As the answer, set down the lines below from the one containing "Babolat JET MACH" through the one containing "Nike Miami Dolphins", exactly and inclusively, and no others.
Exercise inputs below:
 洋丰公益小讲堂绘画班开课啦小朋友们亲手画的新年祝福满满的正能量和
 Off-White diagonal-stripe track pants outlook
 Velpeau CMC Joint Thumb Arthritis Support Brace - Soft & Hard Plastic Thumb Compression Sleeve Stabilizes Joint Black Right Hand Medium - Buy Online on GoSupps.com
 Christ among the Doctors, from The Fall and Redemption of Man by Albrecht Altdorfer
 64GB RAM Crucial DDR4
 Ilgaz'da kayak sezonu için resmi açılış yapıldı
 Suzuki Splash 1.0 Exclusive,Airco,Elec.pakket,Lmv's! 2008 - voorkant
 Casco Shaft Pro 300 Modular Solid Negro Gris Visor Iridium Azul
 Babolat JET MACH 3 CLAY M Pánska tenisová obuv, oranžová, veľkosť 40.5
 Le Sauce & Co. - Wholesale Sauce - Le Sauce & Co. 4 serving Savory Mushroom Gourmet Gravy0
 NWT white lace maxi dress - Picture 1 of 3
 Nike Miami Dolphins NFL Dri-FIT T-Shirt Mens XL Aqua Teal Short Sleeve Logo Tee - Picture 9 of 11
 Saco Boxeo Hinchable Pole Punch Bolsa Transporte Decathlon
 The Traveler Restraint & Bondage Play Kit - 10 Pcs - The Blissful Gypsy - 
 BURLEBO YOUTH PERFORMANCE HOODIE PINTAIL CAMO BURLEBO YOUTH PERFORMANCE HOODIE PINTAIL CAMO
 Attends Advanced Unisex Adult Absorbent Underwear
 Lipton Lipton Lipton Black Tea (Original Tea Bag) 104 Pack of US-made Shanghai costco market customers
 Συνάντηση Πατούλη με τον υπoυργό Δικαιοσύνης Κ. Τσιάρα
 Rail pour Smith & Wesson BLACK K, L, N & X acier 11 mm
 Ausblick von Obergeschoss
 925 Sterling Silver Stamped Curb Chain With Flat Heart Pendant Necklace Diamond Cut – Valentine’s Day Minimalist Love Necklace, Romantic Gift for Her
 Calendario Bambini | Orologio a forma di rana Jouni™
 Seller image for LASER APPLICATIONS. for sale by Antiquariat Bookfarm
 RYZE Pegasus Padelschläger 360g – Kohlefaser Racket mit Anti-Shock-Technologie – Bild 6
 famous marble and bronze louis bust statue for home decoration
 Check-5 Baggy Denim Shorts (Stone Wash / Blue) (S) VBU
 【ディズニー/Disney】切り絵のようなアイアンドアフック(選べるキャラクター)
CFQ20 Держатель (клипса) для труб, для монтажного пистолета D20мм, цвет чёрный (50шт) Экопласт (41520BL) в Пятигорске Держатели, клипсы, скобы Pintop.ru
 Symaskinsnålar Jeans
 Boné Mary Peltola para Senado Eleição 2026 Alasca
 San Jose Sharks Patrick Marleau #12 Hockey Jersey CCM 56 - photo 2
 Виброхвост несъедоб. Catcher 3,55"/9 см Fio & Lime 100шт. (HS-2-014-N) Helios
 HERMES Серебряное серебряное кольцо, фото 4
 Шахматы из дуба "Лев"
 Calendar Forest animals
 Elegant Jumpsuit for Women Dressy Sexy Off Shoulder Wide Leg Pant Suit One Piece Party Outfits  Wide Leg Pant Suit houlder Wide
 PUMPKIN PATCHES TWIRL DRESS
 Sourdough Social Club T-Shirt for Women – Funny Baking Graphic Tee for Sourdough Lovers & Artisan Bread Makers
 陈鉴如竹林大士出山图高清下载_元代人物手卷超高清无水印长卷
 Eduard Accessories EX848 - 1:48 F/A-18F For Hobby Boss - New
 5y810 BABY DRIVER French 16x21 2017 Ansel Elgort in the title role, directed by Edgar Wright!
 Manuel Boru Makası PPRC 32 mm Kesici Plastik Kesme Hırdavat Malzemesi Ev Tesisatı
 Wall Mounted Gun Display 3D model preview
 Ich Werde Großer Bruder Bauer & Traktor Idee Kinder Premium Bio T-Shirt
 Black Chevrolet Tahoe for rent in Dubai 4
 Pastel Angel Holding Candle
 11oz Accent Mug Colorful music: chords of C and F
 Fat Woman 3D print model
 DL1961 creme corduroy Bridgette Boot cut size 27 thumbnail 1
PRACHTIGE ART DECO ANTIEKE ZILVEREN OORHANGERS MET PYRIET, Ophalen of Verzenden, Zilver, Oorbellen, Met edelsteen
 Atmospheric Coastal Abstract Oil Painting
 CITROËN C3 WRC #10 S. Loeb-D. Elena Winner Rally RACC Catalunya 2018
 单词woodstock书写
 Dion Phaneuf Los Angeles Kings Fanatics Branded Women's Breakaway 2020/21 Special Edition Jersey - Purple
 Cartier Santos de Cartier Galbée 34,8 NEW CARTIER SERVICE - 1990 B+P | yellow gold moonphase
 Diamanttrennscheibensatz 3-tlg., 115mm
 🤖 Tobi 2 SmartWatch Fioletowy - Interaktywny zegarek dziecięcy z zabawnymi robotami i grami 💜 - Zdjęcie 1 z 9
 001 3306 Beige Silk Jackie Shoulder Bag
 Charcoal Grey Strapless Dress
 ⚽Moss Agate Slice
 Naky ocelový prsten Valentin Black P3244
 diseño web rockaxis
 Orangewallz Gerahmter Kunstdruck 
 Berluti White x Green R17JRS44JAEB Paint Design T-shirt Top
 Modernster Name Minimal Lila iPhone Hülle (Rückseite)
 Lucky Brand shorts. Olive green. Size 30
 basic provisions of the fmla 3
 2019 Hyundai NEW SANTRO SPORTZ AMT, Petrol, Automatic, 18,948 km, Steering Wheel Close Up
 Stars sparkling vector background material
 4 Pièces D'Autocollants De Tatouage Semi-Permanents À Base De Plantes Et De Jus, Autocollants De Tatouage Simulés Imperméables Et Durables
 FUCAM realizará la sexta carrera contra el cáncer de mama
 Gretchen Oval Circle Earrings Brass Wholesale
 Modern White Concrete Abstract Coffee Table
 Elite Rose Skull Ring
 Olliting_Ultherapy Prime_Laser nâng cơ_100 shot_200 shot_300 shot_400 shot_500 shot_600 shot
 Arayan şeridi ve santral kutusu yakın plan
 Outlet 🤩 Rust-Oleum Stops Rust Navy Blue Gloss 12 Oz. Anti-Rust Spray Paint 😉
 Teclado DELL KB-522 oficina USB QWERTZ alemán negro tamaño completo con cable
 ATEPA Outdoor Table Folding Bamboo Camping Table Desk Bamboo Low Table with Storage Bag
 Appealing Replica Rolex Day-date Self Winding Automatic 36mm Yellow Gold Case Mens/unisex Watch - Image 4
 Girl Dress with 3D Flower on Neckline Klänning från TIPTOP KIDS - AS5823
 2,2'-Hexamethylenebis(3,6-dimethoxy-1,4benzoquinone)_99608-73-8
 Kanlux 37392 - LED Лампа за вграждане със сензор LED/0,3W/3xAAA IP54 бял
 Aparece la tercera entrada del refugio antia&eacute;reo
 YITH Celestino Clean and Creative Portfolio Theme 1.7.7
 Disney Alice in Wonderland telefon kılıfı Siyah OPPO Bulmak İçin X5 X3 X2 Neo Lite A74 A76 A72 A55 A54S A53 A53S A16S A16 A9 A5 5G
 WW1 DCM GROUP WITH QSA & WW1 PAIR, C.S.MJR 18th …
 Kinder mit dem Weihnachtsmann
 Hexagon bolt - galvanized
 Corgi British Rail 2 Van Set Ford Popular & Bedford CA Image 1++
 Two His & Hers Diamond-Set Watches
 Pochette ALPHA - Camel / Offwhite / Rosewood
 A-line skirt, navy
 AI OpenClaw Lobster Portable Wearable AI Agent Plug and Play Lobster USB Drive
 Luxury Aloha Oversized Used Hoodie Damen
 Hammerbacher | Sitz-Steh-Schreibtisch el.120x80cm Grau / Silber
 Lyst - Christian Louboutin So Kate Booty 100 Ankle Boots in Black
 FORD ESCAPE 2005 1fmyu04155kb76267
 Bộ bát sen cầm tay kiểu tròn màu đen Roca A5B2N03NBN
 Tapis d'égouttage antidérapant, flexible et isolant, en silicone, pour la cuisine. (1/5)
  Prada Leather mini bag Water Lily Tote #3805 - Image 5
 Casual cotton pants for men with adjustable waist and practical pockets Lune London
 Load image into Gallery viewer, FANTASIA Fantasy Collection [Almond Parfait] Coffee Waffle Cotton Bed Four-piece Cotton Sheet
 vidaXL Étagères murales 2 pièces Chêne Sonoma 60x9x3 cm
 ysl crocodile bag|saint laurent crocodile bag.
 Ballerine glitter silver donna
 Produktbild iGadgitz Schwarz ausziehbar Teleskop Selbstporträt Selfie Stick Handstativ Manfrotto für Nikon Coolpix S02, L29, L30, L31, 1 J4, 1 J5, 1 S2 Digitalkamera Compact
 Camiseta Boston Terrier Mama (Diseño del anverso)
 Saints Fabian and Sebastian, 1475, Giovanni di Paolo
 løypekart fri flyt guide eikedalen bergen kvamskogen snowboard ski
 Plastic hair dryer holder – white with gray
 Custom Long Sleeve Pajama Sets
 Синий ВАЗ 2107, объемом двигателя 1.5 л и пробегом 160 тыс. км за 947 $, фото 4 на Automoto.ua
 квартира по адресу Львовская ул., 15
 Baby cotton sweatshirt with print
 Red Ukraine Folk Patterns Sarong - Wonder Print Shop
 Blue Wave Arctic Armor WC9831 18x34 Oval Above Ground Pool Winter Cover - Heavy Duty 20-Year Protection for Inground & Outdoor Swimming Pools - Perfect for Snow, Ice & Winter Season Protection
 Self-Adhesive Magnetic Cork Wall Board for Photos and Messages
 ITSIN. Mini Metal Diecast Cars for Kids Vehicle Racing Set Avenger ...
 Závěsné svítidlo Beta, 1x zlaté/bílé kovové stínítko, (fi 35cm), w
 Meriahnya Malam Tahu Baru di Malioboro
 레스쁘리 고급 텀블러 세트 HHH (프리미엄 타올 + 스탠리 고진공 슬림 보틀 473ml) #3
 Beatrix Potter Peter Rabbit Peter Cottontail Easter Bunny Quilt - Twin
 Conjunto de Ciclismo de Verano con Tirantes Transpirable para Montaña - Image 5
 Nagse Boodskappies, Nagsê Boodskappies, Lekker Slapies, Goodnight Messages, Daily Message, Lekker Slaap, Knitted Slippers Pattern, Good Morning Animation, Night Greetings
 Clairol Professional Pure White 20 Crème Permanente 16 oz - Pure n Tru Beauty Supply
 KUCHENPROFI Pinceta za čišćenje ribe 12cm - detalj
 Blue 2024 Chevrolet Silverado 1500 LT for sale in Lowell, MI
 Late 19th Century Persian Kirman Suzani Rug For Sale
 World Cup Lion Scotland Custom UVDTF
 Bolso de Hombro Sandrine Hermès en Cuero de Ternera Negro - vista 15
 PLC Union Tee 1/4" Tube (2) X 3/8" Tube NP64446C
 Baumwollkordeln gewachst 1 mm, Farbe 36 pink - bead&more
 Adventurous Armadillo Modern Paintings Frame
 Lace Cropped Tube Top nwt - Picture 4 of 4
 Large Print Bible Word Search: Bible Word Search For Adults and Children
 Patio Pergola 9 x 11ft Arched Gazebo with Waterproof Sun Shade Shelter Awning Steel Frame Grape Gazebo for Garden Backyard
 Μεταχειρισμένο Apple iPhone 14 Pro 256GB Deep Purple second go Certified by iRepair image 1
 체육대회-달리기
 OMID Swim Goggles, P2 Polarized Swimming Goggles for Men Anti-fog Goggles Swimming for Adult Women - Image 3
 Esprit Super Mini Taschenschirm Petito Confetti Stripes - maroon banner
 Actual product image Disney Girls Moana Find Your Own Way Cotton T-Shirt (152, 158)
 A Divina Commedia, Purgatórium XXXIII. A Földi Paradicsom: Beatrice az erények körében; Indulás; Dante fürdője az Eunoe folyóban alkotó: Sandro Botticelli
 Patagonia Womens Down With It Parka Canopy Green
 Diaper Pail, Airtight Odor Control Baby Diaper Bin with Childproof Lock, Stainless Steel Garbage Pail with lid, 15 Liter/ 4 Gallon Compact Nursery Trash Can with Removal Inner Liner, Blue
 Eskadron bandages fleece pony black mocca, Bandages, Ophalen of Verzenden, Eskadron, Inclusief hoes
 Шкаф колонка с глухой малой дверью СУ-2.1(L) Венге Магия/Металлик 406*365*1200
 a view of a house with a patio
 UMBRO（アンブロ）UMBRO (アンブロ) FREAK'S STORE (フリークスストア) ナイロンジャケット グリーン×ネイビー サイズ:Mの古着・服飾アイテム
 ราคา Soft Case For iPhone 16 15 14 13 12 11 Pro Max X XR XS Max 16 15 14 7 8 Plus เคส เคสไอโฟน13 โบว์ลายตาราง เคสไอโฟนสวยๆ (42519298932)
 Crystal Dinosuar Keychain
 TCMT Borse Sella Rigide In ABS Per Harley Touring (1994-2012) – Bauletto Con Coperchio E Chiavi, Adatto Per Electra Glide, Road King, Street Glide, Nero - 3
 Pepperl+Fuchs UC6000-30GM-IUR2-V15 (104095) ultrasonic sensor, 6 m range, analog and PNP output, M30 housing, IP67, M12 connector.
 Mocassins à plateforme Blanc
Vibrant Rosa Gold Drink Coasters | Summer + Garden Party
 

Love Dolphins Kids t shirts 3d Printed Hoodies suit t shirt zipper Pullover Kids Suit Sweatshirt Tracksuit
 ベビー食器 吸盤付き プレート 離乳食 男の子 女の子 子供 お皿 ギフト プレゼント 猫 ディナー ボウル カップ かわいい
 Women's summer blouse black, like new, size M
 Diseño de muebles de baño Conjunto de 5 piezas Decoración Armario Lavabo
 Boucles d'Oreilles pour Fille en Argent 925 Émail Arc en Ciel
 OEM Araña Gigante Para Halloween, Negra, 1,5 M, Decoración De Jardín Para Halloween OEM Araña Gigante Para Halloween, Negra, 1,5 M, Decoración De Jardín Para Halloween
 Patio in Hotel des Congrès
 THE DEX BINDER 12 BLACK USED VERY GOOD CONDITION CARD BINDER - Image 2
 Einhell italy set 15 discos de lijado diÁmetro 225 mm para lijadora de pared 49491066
End of Exercise inputs.
> Result for this task
 Babolat JET MACH 3 CLAY M Pánska tenisová obuv, oranžová, veľkosť 40.5
 Le Sauce & Co. - Wholesale Sauce - Le Sauce & Co. 4 serving Savory Mushroom Gourmet Gravy0
 NWT white lace maxi dress - Picture 1 of 3
 Nike Miami Dolphins NFL Dri-FIT T-Shirt Mens XL Aqua Teal Short Sleeve Logo Tee - Picture 9 of 11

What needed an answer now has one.